He showed me photos of his tattooed and pierced five kids by three different women, one of whom ran an “alternative lifestyle” bookstore in San Francisco. Instead of everything being “far out” his every other word was now “awesome.” And here’s the worst part: When I asked him what he did for a living he said he worked for the USDA! This guy who teasingly called me “farmer’ in high school, laughed at us when we wore our FFA jackets to school, and wouldn’t know a Holstein from a John Deere, worked for the USDA! (Food stamp division.) This guy who burned our flag and hated our government had worked for it ever since he got back from Canada.
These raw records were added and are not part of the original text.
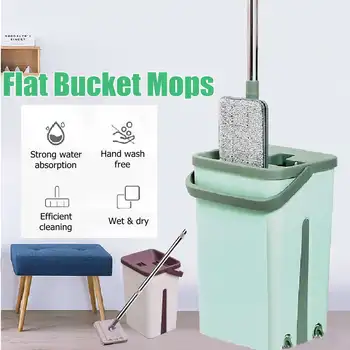 

Magic Cleaning Mops Free Hand Mop with Bucket Drop Shipping Floors Squeeze Flat Mop with Water Home Kitchen Floor Cleaner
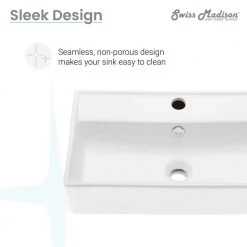 Swiss Madison Claire Ceramic Wall Hung Sink in White -Bathroom Sinks Sales glossy white swiss madison wall mount sinks sm ws318 31 1000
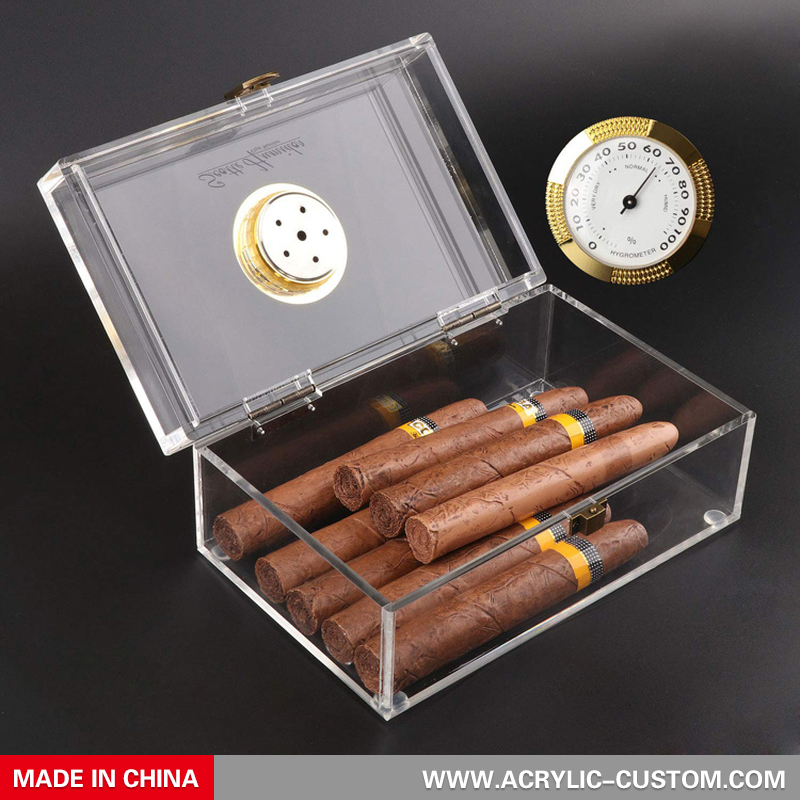 Wholesale Acrylic Humidors, Clear Cigar Boxes with Custom Logo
When I walked the couple to their car after dinner I was surprised to see a silver Lexus instead of an old VW bus, and it was plastered with bumper stickers for the Humane Society, Nature Conservancy and “Green Sex.” It turns out that Stoner is now an activist for reproductive rights and guaranteed access to contraception. The old hippie who used to protest that we’d all die in a nuclear holocaust now knows we’ll all perish due to global warming. The same old hippies who believed in free thinking and having an open mind are the same people who’ve given us political correctness.

As Stoner pulled away he rolled down his car window and said, “Peace and love brother.” And that’s when it hit me: The old hippies don’t like our country any better now than they did in the sixties, despite the fact that they’re now running the operation! They are still revoltin’… in more ways than one.